I still do breakfast three or four times a week. I have a hangout, a tiny log-cabin cafe that serves espresso and wonderful homemade muffins. In the summer, I sit outside on the big deck with my dog Taggart beneath my chair; in winter, I sit inside at one of only seven tables and struggle with my guilt over taking up so much room just for myself.
One day this summer I had breakfast with a friend. Sally, the waitress, gushed, “Oh! You’re with a friend! How nice!” She was pleased — way too pleased; her pleasure was the flip side of pity. That’s the hardest part of going out alone — too many people assume it’s not by choice, that I’m forced into solitude by my lack of choice.
I wanted to tell Sally how much I love going out alone, how much effort I’d put into earning the comfort of this liberty, how often I connive to go hiking, dining, and skiing by myself. I adore my friends and consider them one of the great pleasures of my life. Yet, I’ve earned the friendship of myself. When I walk past a restaurant window and see a woman dining alone, I think, oh, how nice, she’s alone!
When I go out alone, I wear my favorite clothes, I ignore the clock, and I attend to my feelings to the exclusion of almost all else. I follow my intuition, moving from one graceful moment to the next. I hike or ski with a backpack full of treats and no destination. I go to movies and cry if I want. I go out to dinner, I order odd things.
There seems to be something irresistible about the solitude of a lone person. People want to join it, perhaps because they see that a circle of pleasure has already been established. I recommend going out alone to anyone — especially anyone in need of companionship.
Tina Welling
Jackson Hole, Wyoming
During the last four years, my husband and I have lived in separate households — he with roommates in San Francisco, my daughters and I in an Airstream trailer parked on back streets and in trailer courts. We get together on weekends; ours is a part-time marriage.
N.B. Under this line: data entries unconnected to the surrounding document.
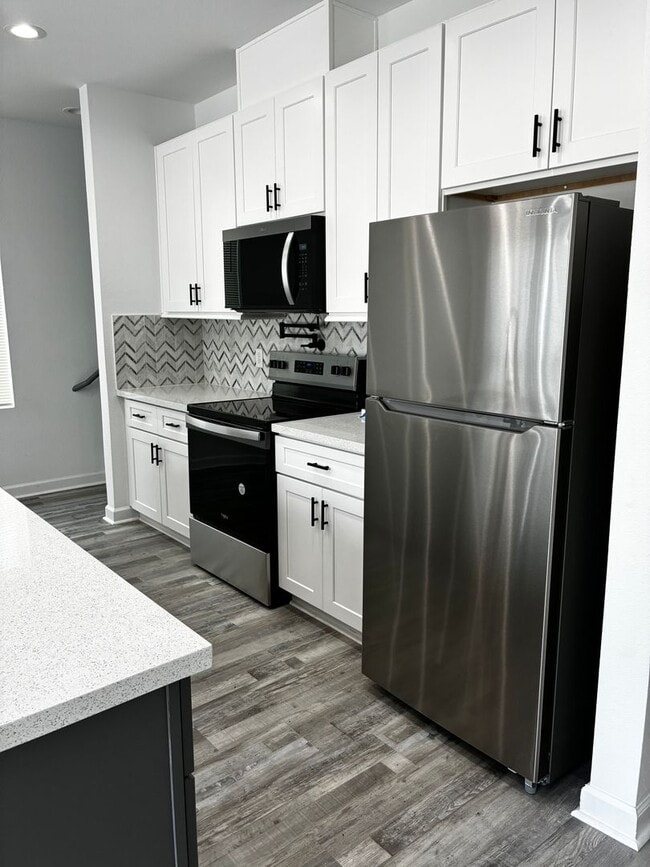 Building Photo - Modern Townhome Living Near the Medical Ce...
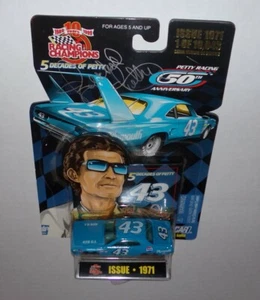 RACING CHAMPIONS RICHARD PETTY 50th ANN.  VINTAGE 1/64 SIGNED DIECAST MIP AUTO - Picture 1 of 6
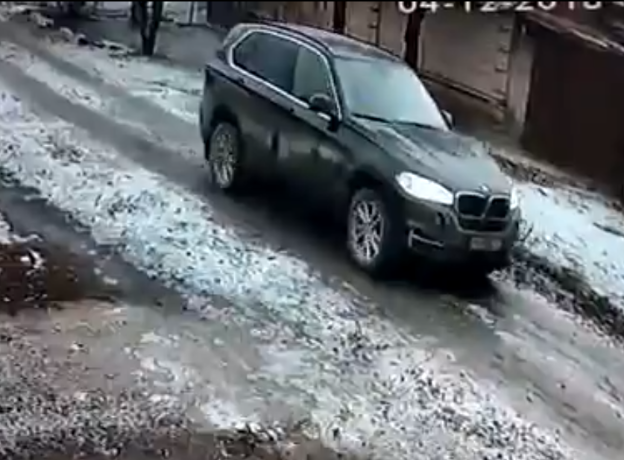 Напугавшего таганрожцев владельца черного BMW депортируют на родину Напугавшего таганрожцев владельца черного BMW депортируют на родину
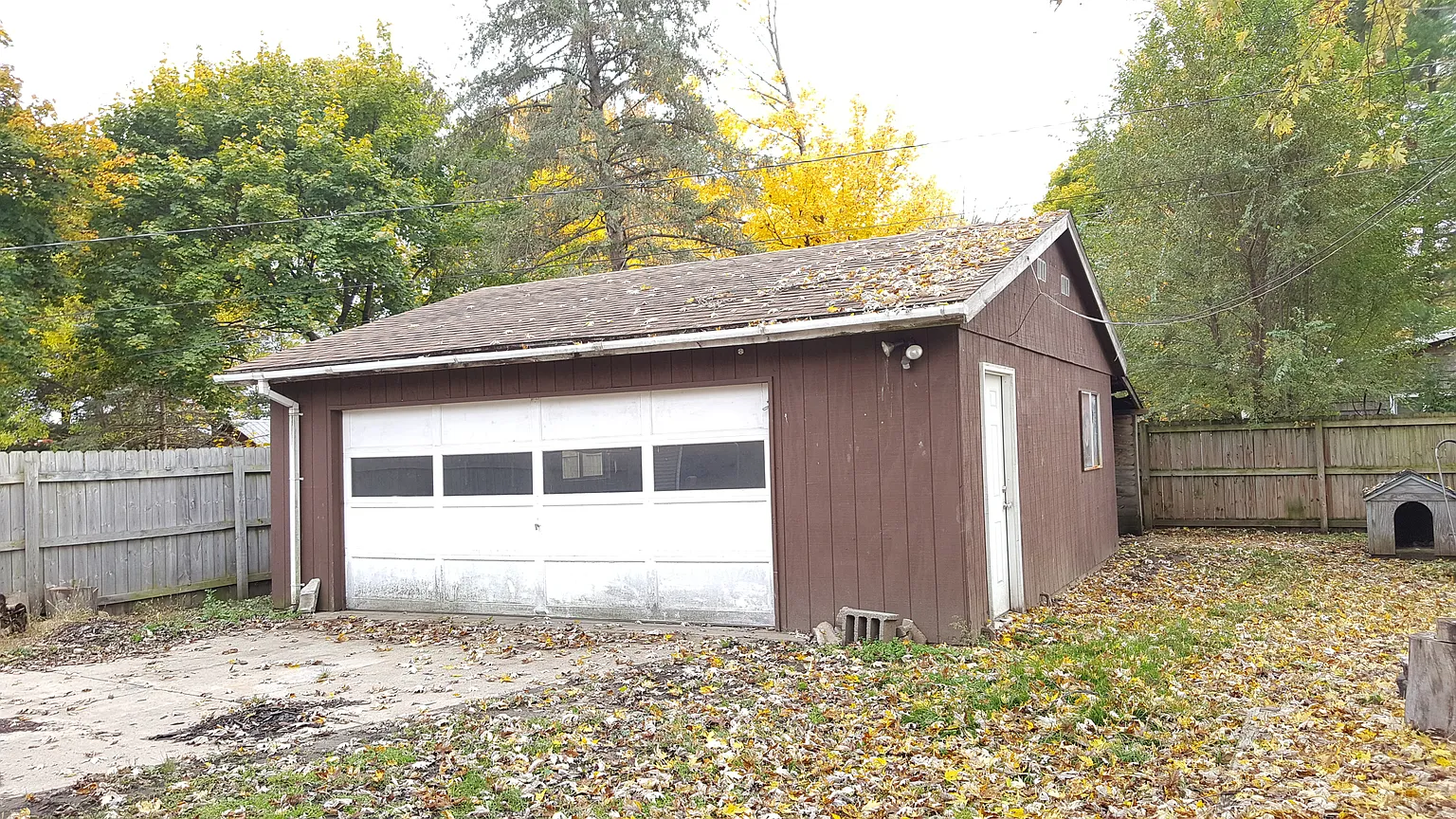 1030 E Hamburg St photo 1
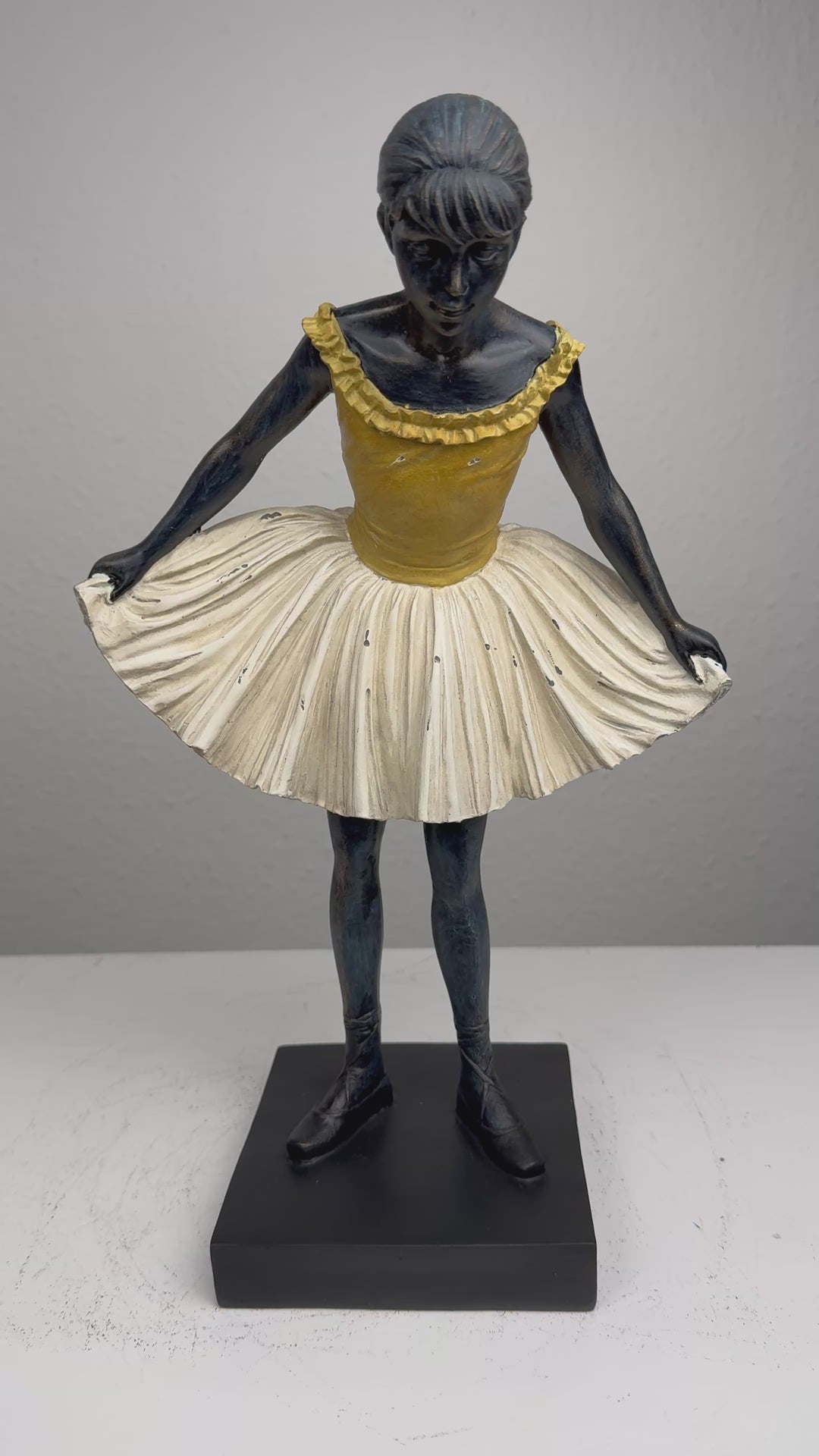 Kecses Balerina Szobor (Degas táncosnő)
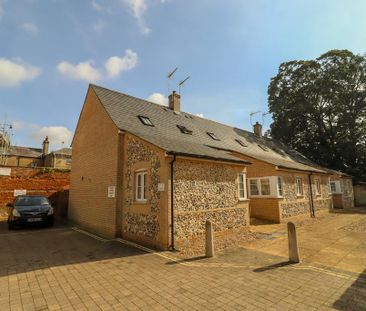 2 bedroom end of terrace house to rent - Photo 3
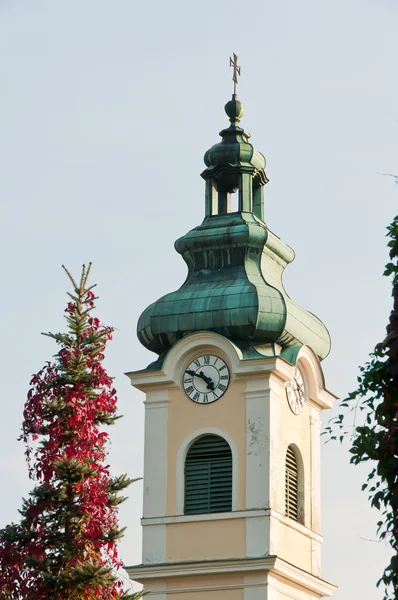 Klokkentoren van de Oostenrijkse kirche — Stockfoto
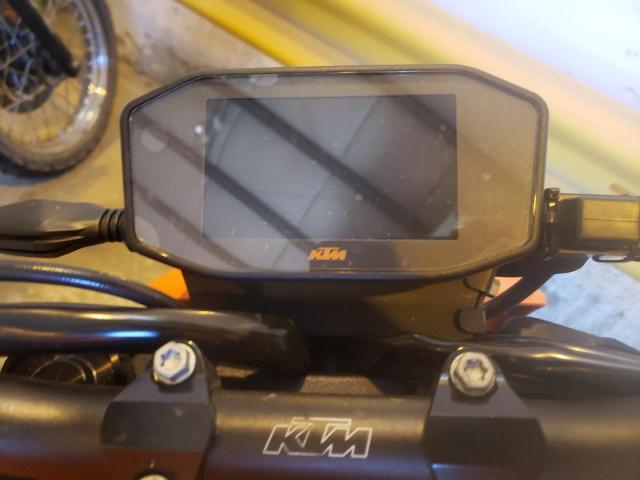 2022 KTM 890 DUKE R VBKTU9402NM829599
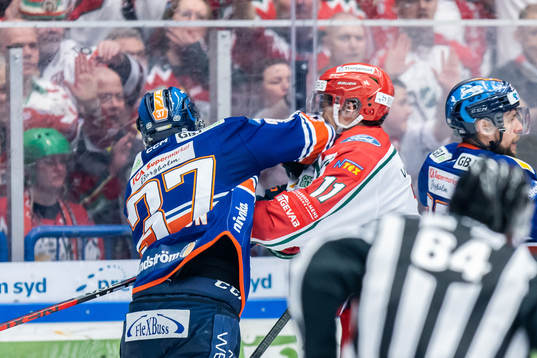 Växjös Glenn Gustafsson och Frölundas Erik Borg i bråk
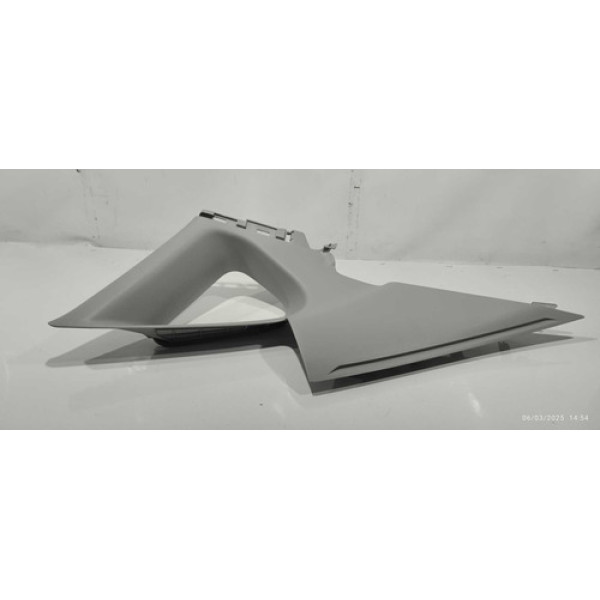 Moldura Coluna Traseira Esquerda Nissan Sentra At 2.0 2017 Branco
People envy us. “It must be nice to be married, and still have separate lives,” they say. “No wonder you’ve stayed together twenty years.”
My husband, however, does not find this a happy arrangement (especially when I go out with other men), and I’m not thrilled with it either, though I pretend to be. The gulf between us widens. It’s sad, too, for the children; they want us to get a regular house, to live together as a regular family. We seem unable either to let go of each other and move on, or to find the thread that once drew us to one another.
Then an old friend who lives on Maui invites me to visit him and his wife. It’s twenty years since I’ve been to Hawaii. There is the same fragrant air, the same mountains, valleys, the same warm waves that rock you like a hammock. Almost at once, I know this is where I need to be.
The final night of my visit, my friends and I go dancing. I meet someone. We dance. He buys me a soft drink. Later we sit in his car and talk, and kiss; I contemplate a one-night stand — something I’ve not done in the nine years since I quit drugs and alcohol. He is gently persuasive; he moves closer and whispers, “Don’t think.” Startled, I turn to look at this stranger who has read the moment with such accuracy.
Back home the following week, that night, with the moist breeze blowing through his room and the delicious tangle of our bodies, hardly seems real.
I receive a letter; he has business on the mainland and wants to visit. I say, “Bring some of Maui when you come.” Later in the week, a truck delivers a long, narrow box. Inside, each stem enclosed in its own water-filled vial, are nine tropical flowers, nine unbelievably sexy tropical flowers, and a card that reads, “Here’s a little Maui for you.”
We spend four days together. On the last night, we camp in a friend’s back yard. I wake early and listen to the birds. I understand now that the moist breeze and the tangle of bodies were real — as real as Hawaii, as strong as my desire to go back there. I realize the ambiguous state of affairs with my husband is no longer acceptable.
When my friend leaves, I call my husband and tell him I want a divorce. I tell the children, and my mother and sister. I commence the monumental task of reducing our essential belongings to eighteen cardboard boxes. My mother, convinced that I’m doing the right thing, offers to buy air tickets to Maui for the girls and me.
To raise money to rent a place when I get there, I run ads to sell the van, the trailer, and the piano. I get few calls, no buyers. My husband tells me over and over what a foolish thing I’m doing, that this latest scheme of mine is bound to fail, that I’m irresponsible and self-centered.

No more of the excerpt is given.